Dataset content –
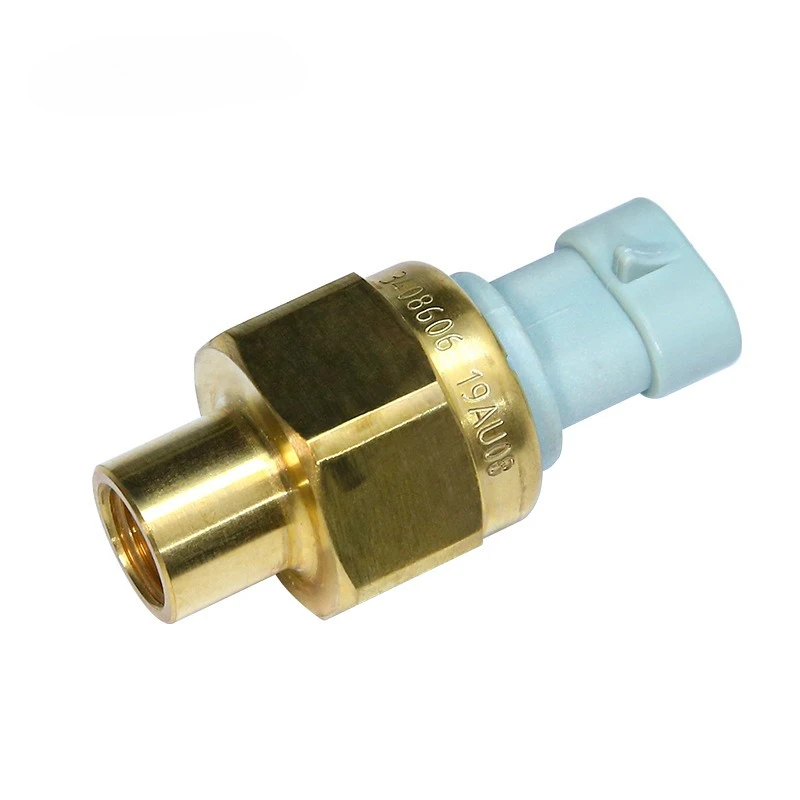 

3408606 diesels generator set oil pressure alarms sensor fuel pressure sensor plug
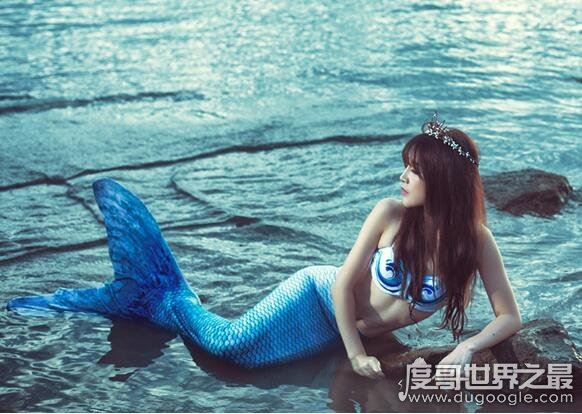 美人鱼是什么动物，一般认为儒艮或海牛是美人鱼的生物原型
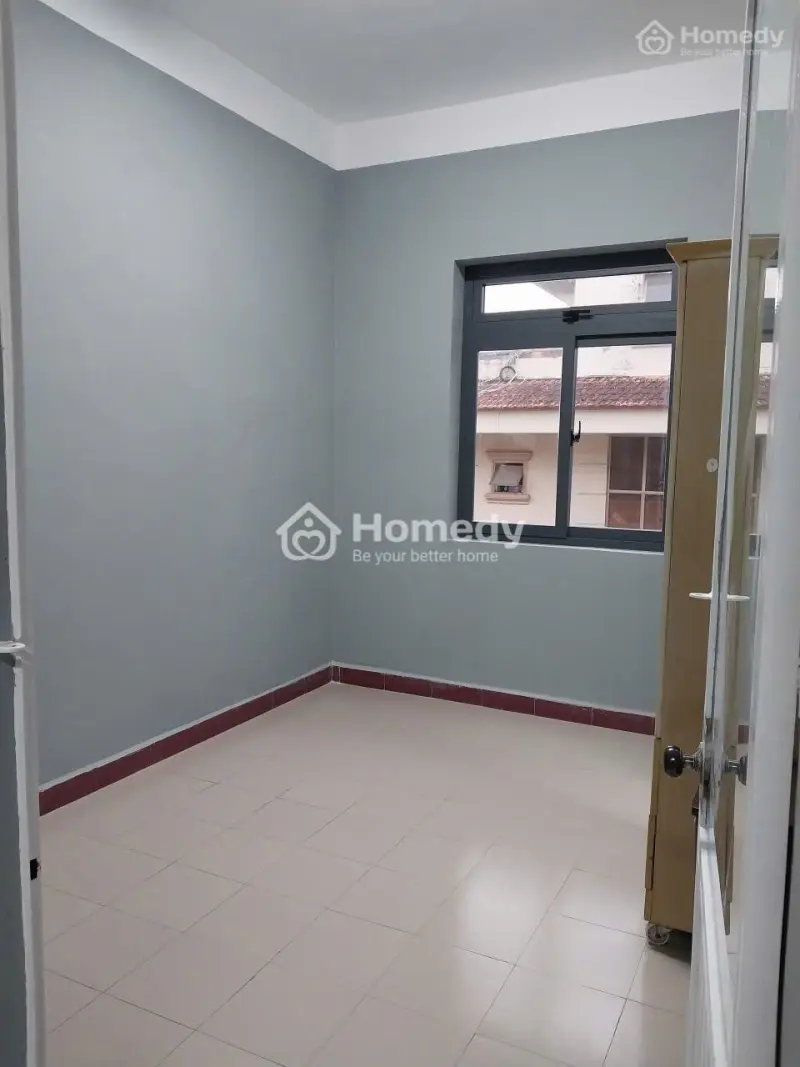 Bán Căn Hộ Chung Cư Mới Đẹp Nguyễn Lương Bằng, Phường Xuân Hương, Đà Lạt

Work instructions – Would you repeat each line of the listing exactly, skipping any picture?

Answer for the task –
3408606 diesels generator set oil pressure alarms sensor fuel pressure sensor plug
 美人鱼是什么动物，一般认为儒艮或海牛是美人鱼的生物原型
 Bán Căn Hộ Chung Cư Mới Đẹp Nguyễn Lương Bằng, Phường Xuân Hương, Đà Lạt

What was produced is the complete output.